It’s a semi-well known fact that Argentina has often been a place for people around the world to escape from their former lives. Whether it be Leon Trotsky hiding out from Stalin, or Jewish celebrities, scientists, and regular people escaping the Nazis during WWII. Argentina’s history is enmeshed with many different cultures and has a distinct European influence as opposed some other countries in South America
In Pablo Solarz’ incredibly brilliant film El ultimo traje (also known by its American title The Last Suit), we explore the life of one such Jewish immigrant who lived most of his life in Argentina but was actually born in Poland. We meet Abraham Bursztein (Miguel Angel Sola) on the eve of his last day in his home, as his daughters are shipping him off to a nursing home, where among other things, they may very well amputate his leg.

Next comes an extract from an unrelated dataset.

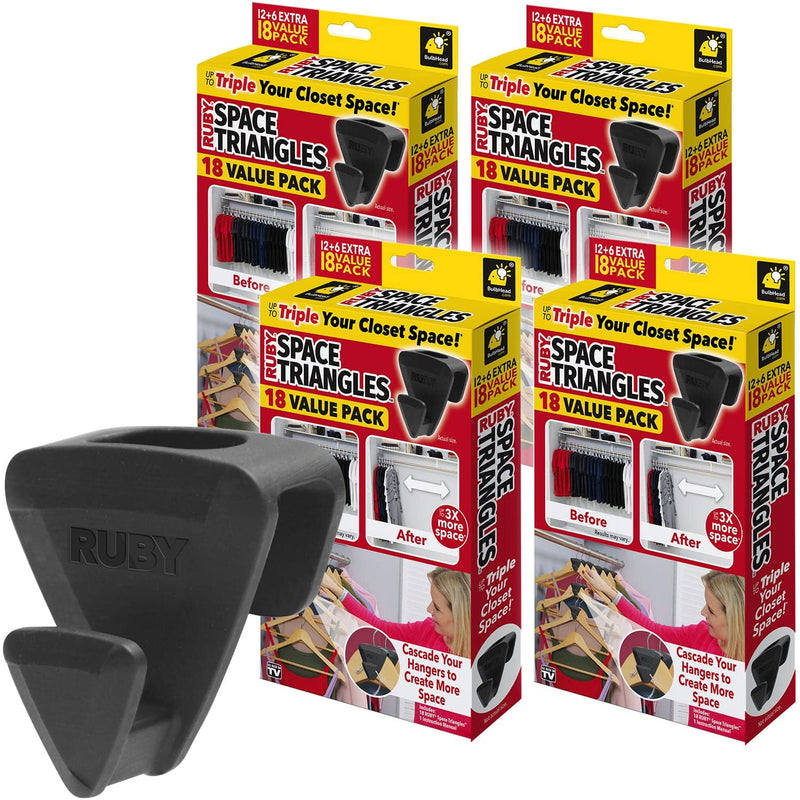 New Ruby Space Triangles, 4 Pack, As-Seen-On-Tv Ultra- Premium Hanger Hooks Trip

Abraham tells his family that he’s tired and he wants one more night to say goodbye to the house, but once his family leaves, he packs a bag and heads to a travel agency run by his friend’s granddaughter. He asks her to arrange a trip for him to go to Lodz, Poland. His plan, as we find out over the course of The Last Suit is to find the man, Piotrek, who rescued him and nursed him back to health when Abraham escaped an extermination camp. He wants to give him the last suit he ever made. What follows is a hilarious yet heartwrenching adventure across Europe with a cantankerous old man on a mission.
“…to find the man who rescued him and nursed him back to health when he escaped an extermination camp.”

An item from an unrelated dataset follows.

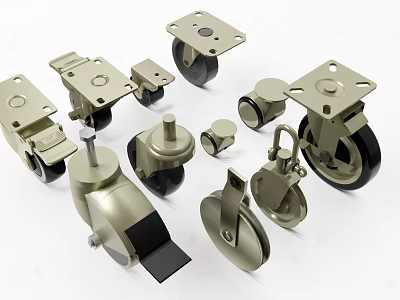 Heavy Duty Metal Caster Tires With Swivel Wheels And Brake Components 3d model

I was spellbound by Miguel Angel Sola. He portrayed an incredibly complex character who is at times sympathetic and at others; stubborn, rude, and even xenophobic. He goes out of his way to make sure that he never sets foot in Germany on his way to Poland, because that is how much he hates Germany and Germans because of what happened to him as a teenager. He is helped in this task by a German woman, Ingrid (Julia Beerhold), an anthropologist who lets him walk on her clothes to avoid stepping on German ground. He ends up forgiving Germany through her when he sets his feet on the concrete of the train station which has the recurring announcement of “Sorry for the inconvenience, we are under reconstruction.”
We also revisit Abraham’s childhood, both the good times, and the terrible, and we find out why it’s so important for him to get his last suit to Piotrek. We understand his personality more and more as aspects of his past are revealed.
There are so many wonderful, well-crafted scenes in The Last Suit. Pablo Solarz’ script is a multilayered masterpiece. In his sophomore feature film, he has definitely hit his stride and I can only hope that he continues to make such inspiring, funny, and heartfelt films going forward.
The Last Suit written and directed by Pablo Solarz. Starring Miguel Angel Sola, Angela Molina, Martin Piroyansky, Natalia Verbeke, Julia Beerhold, Olga Boladz, Jan Mayzel.